You can visit the Github repo for the Python SDK or the Typescript SDK.

First, get an api key. You can export it as an environment variable for easy access or pass it directly to clients later.

Terminal window
export LLAMA_CLOUD_API_KEY=llx-xxxxxx

Then, install dependencies:

Terminal window
pip install llama-cloud>=2.1

Now we have our libraries and our API key available, let’s create a script file and extract data from files.
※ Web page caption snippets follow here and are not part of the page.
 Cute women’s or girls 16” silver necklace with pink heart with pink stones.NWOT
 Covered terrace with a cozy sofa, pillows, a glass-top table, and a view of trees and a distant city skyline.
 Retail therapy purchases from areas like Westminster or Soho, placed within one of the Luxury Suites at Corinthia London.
In this case, we’re using some sample resumes from our example:

import time
from pydantic import BaseModel, Field
from llama_cloud import LlamaCloud
# Define schema using Pydantic
class Resume(BaseModel):
name: str = Field(description="Full name of candidate")
email: str = Field(description="Email address")
skills: list[str] = Field(description="Technical skills and technologies")
client = LlamaCloud(api_key="your_api_key")
# Upload a file to extract from
file_obj = client.files.create(file="resume.pdf", purpose="extract")
# Extract data from document
job = client.extract.create(
file_input=file_obj.id,
configuration={
"data_schema": Resume.model_json_schema(),
"extraction_target": "per_doc",
"tier": "agentic",
},
)
# Poll for completion
while job.status not in ("COMPLETED", "FAILED", "CANCELLED"):
time.sleep(2)
job = client.extract.get(job.id)
print(job.extract_result)

Run your script to see the extracted result!

Schemas can be defined using either Pydantic/Zod models or JSON Schema. Refer to the Schemas page for more details.
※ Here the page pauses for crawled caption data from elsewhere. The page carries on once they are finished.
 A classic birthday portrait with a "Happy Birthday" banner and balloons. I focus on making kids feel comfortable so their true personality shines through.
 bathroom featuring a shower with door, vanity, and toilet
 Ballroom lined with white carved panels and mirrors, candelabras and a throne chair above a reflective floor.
You can also call extraction directly over raw text.

import io
import time
from llama_cloud import LlamaCloud
client = LlamaCloud(api_key="your_api_key")
source_text = "Candidate Name: Jane Doe\nEmail: jane.doe@example.com"
source_buffer = io.BytesIO(source_text.encode('utf-8'))
file_obj = client.files.create(file=source_buffer, purpose="extract", external_file_id="resume.txt")
job = client.extract.create(
file_input=file_obj.id,
configuration={
"data_schema": Resume.model_json_schema(),
"extraction_target": "per_doc",
"tier": "agentic",
},
)
while job.status not in ("COMPLETED", "FAILED", "CANCELLED"):
time.sleep(2)
job = client.extract.get(job.id)

If you’ve already parsed a document with LlamaParse, you can pass the parse job ID directly to extraction instead of uploading the file again. This skips re-parsing, saving both time and credits. It’s especially useful when you want to extract with multiple schemas from the same document.

import time
from llama_cloud import LlamaCloud
client = LlamaCloud(api_key="your_api_key")
# Step 1: Parse the document once
parse_job = client.parsing.create(
tier="agentic",
version="latest",
upload_file="./document.pdf",
)
parse_result = client.parsing.wait_for_completion(parse_job.id, verbose=True)
# Step 2: Extract using the parse job ID (no re-upload needed)
job = client.extract.create(
file_input=parse_job.id, # e.g. "pjb-xxxxxxxx-..."
configuration={
"data_schema": Resume.model_json_schema(),
"extraction_target": "per_doc",
"tier": "agentic",
},
)
# Poll for completion
while job.status not in ("COMPLETED", "FAILED", "CANCELLED"):
time.sleep(2)
job = client.extract.get(job.id)
print(job.extract_result)

The file_input field accepts either a file ID (dfl-...) or a parse job ID (pjb-...). For a more detailed example including extracting with multiple schemas from the same parse result, see the Batch Extraction Cookbook.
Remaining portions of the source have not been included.